The team used high-speed imaging and digital image correlation (DIC) during semi-circular bend tests to visualize how rock deforms and fractures near the crack tip. This experimental approach allowed them to quantify stress fields ahead of the fracture tip that enhance understanding of localized deformation mechanisms during fracture propagation through layered rock systems. Their preliminary research was presented at the 58th U.S. Rock Mechanics/Geomechanics Symposium in 2024, where it was selected as one of the top 10% of papers presented. It was then selected for publication in a special issue of RMRE.  

Bhadariya said it took around a year to expand their research and develop a scientific novelty, which led to the latest publication of their research.  
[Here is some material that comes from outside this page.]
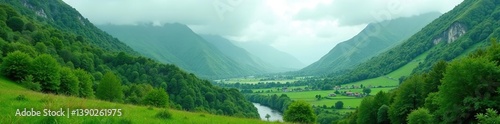 Lush green highlands with mist-covered mountains and a winding river,  scenery,  mist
"It's deeply rewarding to have our work recognized in 'Rock Mechanics and Rock Engineering,' one of the most respected journals in our field," Bhadariya said. "This publication validates the scientific rigor and novelty of our near-tip strain analysis and demonstrates its relevance to the broader geomechanics community. It's gratifying to see a concept evolve into a rigorous contribution that advances understanding and can guide future hydraulic fracture design." 

The team continues to learn more about fracture propagation under subsurface conditions using true-triaxial block tests that incorporate fluid injection, controlled stress anisotropy and frictional interface conditions to bridge the gap between the lab and the field.  

Lee said he is proud to have seen Bhadariya's hard work and dedication pay off with the publication of this article. It is a significant milestone early in his career, setting the foundation for his future contributions to the field.  

"This accomplishment reflects his relentless effort in the laboratory, preparing samples, conducting experiments, and analyzing image data, as well as his dedication to revising the manuscript thoroughly," Lee said. "I am also thankful to the reviewers for their insightful comments, which helped strengthen the final paper."